TASK DETAILS. Print the data below exactly, but only the lines from the one containing "Image showing indian" down to the one containing "11727 Kati Falls", inclusive.

PROVIDED INFORMATION.
* * *

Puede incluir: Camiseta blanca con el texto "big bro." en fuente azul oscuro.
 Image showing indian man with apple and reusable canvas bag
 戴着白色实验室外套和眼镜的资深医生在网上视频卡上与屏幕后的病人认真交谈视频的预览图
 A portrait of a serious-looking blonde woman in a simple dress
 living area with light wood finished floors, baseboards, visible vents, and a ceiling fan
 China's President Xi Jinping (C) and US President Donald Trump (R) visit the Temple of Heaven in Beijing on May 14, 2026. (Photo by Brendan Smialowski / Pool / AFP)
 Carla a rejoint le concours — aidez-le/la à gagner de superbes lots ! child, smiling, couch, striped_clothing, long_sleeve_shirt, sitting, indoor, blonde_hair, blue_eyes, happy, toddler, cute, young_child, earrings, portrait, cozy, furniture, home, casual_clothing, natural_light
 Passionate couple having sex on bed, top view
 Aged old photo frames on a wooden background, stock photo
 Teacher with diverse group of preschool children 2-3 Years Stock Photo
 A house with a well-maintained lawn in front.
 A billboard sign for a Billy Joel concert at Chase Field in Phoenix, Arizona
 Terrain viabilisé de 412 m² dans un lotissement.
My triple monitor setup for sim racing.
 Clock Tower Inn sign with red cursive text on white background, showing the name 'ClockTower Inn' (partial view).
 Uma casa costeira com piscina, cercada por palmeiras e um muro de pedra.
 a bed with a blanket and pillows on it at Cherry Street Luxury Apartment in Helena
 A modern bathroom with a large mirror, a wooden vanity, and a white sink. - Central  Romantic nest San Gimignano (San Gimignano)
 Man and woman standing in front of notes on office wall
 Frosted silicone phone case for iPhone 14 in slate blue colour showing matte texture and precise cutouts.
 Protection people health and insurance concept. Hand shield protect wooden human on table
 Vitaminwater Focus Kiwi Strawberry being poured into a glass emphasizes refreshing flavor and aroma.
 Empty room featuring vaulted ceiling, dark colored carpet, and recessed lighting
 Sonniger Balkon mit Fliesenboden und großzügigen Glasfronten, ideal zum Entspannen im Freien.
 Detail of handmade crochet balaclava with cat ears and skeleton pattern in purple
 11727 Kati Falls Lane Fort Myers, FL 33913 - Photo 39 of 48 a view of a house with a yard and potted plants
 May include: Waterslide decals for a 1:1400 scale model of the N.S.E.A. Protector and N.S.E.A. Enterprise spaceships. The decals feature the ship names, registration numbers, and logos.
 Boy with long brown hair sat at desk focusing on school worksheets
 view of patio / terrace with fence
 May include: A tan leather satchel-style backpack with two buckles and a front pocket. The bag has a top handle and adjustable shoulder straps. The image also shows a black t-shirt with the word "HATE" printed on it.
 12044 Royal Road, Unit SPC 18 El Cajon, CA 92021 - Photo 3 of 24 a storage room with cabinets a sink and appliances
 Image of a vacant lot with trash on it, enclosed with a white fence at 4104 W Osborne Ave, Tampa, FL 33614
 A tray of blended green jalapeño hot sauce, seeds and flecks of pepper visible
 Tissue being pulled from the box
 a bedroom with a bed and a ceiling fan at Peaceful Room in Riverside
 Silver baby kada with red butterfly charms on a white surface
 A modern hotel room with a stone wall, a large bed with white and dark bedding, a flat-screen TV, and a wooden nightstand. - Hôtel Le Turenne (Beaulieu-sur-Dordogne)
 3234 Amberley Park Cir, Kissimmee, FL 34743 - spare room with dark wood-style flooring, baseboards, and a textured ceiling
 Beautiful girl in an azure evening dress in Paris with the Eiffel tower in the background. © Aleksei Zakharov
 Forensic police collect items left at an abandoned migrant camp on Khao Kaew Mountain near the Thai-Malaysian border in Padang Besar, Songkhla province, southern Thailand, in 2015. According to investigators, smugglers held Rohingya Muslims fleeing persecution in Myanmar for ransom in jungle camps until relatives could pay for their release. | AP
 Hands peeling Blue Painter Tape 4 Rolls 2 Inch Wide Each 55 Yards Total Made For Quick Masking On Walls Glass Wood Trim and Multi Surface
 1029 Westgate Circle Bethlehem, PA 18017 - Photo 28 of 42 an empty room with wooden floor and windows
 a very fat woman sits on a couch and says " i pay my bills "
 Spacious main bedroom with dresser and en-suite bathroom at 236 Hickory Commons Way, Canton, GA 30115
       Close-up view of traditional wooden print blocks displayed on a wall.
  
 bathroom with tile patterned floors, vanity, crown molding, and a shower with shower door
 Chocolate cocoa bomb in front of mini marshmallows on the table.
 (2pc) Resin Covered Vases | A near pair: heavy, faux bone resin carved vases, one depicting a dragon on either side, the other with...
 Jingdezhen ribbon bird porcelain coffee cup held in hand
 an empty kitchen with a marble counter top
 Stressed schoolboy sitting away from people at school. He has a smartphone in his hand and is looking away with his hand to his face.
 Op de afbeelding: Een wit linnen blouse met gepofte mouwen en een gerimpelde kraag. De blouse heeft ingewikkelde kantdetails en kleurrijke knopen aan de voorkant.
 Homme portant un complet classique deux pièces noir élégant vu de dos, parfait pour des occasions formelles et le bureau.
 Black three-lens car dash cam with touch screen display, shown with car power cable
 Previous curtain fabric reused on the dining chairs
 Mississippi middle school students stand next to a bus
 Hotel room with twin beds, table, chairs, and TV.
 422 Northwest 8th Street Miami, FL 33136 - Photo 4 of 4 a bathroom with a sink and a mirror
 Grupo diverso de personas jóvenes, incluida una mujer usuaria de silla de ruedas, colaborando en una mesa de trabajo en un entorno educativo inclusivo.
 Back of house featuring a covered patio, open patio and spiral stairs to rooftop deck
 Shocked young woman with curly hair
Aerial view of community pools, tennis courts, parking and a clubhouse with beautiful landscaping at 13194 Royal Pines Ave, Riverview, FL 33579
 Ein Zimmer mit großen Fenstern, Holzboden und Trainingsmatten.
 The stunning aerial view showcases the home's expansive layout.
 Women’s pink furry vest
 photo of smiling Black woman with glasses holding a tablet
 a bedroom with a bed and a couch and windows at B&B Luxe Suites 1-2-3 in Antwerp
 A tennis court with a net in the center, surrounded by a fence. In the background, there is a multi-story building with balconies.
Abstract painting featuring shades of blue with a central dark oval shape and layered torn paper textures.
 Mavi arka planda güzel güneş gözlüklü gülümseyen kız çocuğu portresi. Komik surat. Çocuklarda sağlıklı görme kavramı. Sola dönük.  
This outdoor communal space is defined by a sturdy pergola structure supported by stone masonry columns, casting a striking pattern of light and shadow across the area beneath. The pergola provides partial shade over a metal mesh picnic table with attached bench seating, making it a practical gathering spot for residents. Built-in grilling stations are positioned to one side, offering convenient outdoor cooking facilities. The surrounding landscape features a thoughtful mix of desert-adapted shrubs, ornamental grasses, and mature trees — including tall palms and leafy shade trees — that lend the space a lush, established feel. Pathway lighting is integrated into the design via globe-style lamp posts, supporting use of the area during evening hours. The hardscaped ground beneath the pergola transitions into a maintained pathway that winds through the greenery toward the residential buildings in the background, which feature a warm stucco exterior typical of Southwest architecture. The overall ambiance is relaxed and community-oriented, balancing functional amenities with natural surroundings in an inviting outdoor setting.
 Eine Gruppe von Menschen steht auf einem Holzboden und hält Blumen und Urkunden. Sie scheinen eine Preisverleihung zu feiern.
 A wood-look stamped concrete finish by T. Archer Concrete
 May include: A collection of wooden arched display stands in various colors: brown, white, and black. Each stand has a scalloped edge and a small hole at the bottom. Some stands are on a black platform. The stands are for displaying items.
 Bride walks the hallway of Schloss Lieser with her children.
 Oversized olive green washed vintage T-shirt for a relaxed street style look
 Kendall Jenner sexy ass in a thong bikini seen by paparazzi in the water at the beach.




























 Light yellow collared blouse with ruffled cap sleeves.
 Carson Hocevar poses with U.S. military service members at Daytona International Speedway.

* * *

THE COMPLETED TASK.
 Image showing indian man with apple and reusable canvas bag
 戴着白色实验室外套和眼镜的资深医生在网上视频卡上与屏幕后的病人认真交谈视频的预览图
 A portrait of a serious-looking blonde woman in a simple dress
 living area with light wood finished floors, baseboards, visible vents, and a ceiling fan
 China's President Xi Jinping (C) and US President Donald Trump (R) visit the Temple of Heaven in Beijing on May 14, 2026. (Photo by Brendan Smialowski / Pool / AFP)
 Carla a rejoint le concours — aidez-le/la à gagner de superbes lots ! child, smiling, couch, striped_clothing, long_sleeve_shirt, sitting, indoor, blonde_hair, blue_eyes, happy, toddler, cute, young_child, earrings, portrait, cozy, furniture, home, casual_clothing, natural_light
 Passionate couple having sex on bed, top view
 Aged old photo frames on a wooden background, stock photo
 Teacher with diverse group of preschool children 2-3 Years Stock Photo
 A house with a well-maintained lawn in front.
 A billboard sign for a Billy Joel concert at Chase Field in Phoenix, Arizona
 Terrain viabilisé de 412 m² dans un lotissement.
My triple monitor setup for sim racing.
 Clock Tower Inn sign with red cursive text on white background, showing the name 'ClockTower Inn' (partial view).
 Uma casa costeira com piscina, cercada por palmeiras e um muro de pedra.
 a bed with a blanket and pillows on it at Cherry Street Luxury Apartment in Helena
 A modern bathroom with a large mirror, a wooden vanity, and a white sink. - Central  Romantic nest San Gimignano (San Gimignano)
 Man and woman standing in front of notes on office wall
 Frosted silicone phone case for iPhone 14 in slate blue colour showing matte texture and precise cutouts.
 Protection people health and insurance concept. Hand shield protect wooden human on table
 Vitaminwater Focus Kiwi Strawberry being poured into a glass emphasizes refreshing flavor and aroma.
 Empty room featuring vaulted ceiling, dark colored carpet, and recessed lighting
 Sonniger Balkon mit Fliesenboden und großzügigen Glasfronten, ideal zum Entspannen im Freien.
 Detail of handmade crochet balaclava with cat ears and skeleton pattern in purple
 11727 Kati Falls Lane Fort Myers, FL 33913 - Photo 39 of 48 a view of a house with a yard and potted plants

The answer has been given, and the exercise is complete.